Information provided:
━━━━━━━━━━━━━━━━
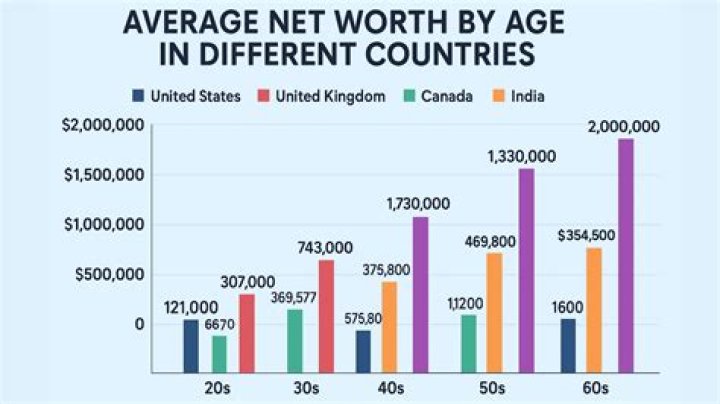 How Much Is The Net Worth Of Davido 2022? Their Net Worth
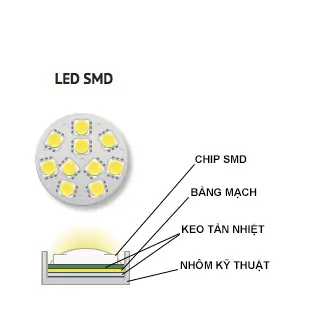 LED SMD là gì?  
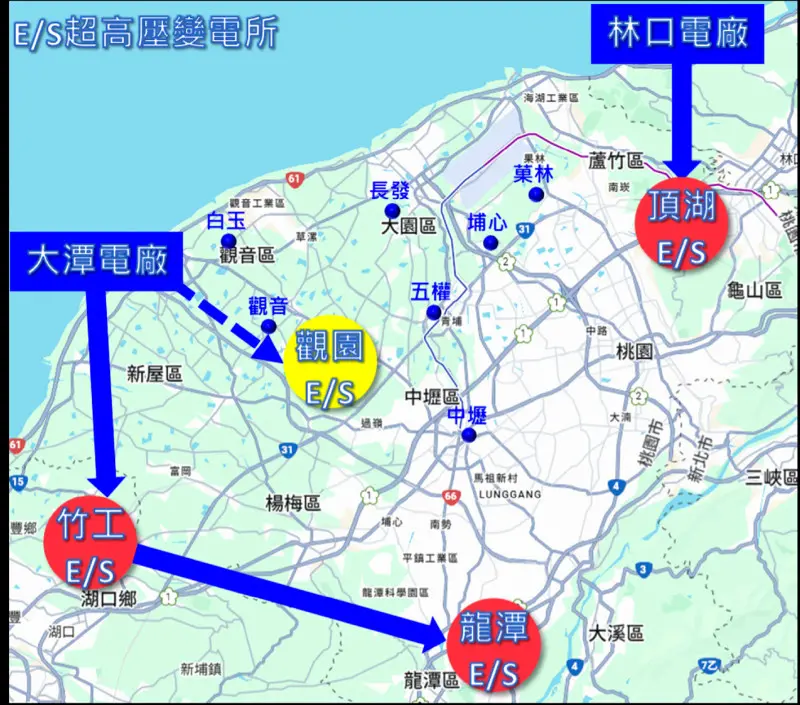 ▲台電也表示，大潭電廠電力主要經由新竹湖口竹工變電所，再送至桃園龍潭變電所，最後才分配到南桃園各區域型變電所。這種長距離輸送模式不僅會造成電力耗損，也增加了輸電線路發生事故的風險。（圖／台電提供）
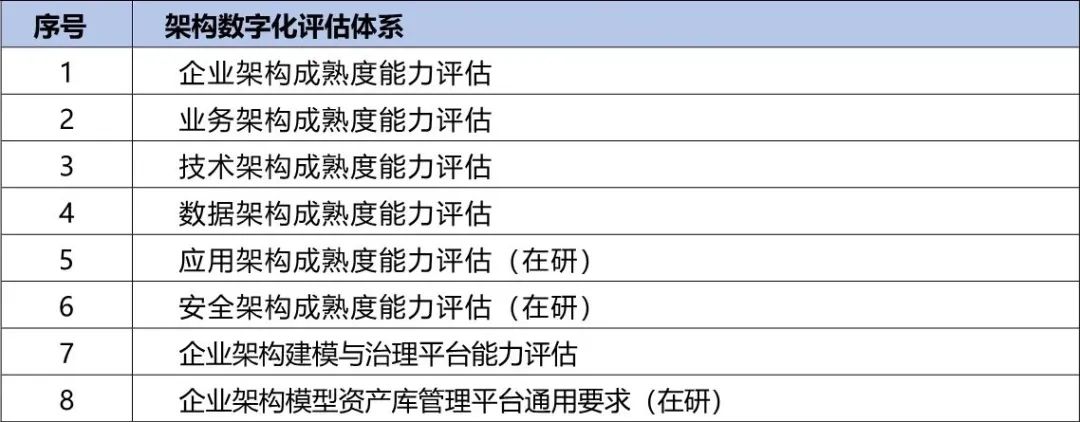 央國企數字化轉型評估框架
━━━━━━━━━━━━━━━━
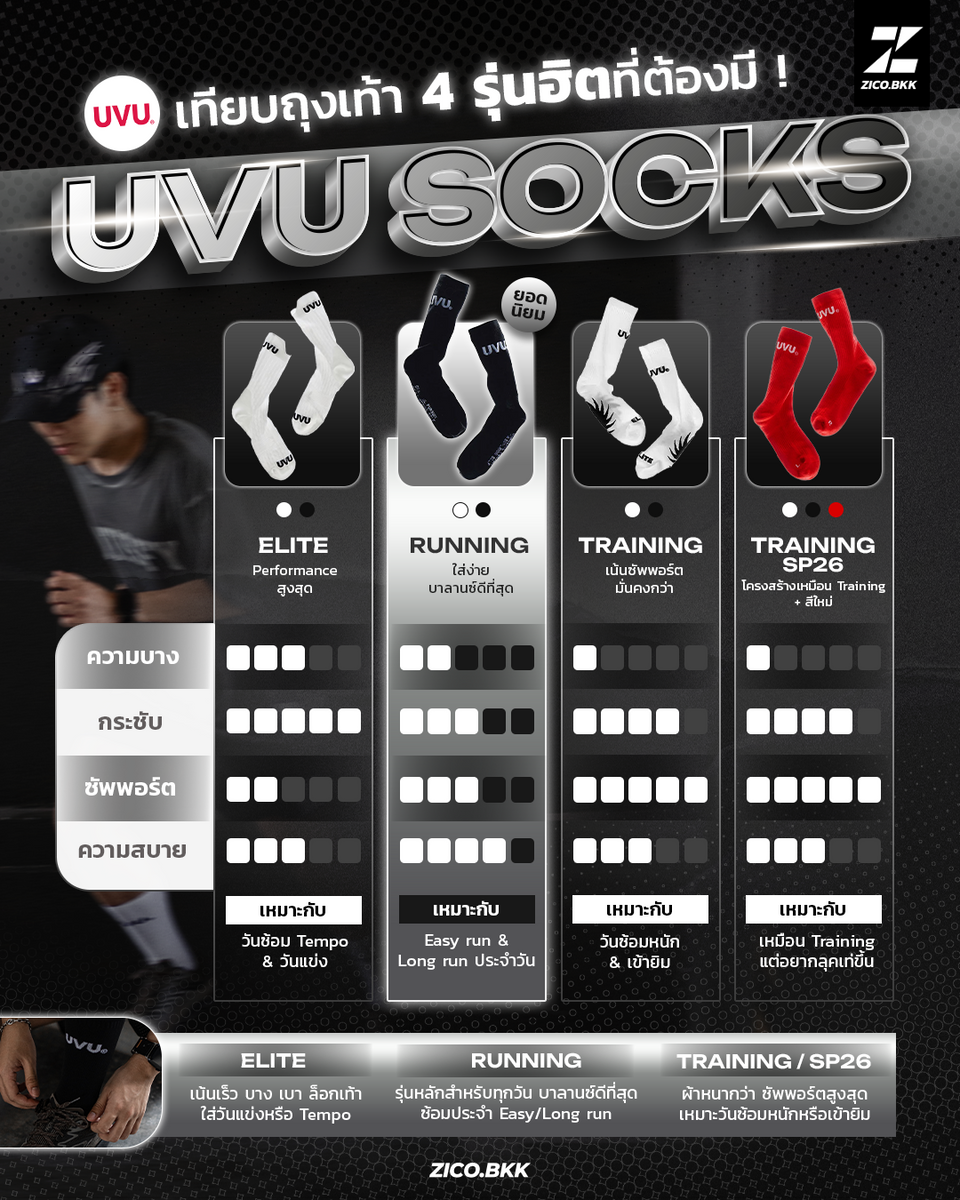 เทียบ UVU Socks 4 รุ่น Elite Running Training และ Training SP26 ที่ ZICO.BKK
━━━━━━━━━━━━━━━━
Assigned task: Return the lines above from the one with "LED SMD là gì?" through the one with "央國企數字化轉型評估框架", verbatim and nothing else. Omit every picture.

Task response:
 LED SMD là gì?  
 ▲台電也表示，大潭電廠電力主要經由新竹湖口竹工變電所，再送至桃園龍潭變電所，最後才分配到南桃園各區域型變電所。這種長距離輸送模式不僅會造成電力耗損，也增加了輸電線路發生事故的風險。（圖／台電提供）
 央國企數字化轉型評估框架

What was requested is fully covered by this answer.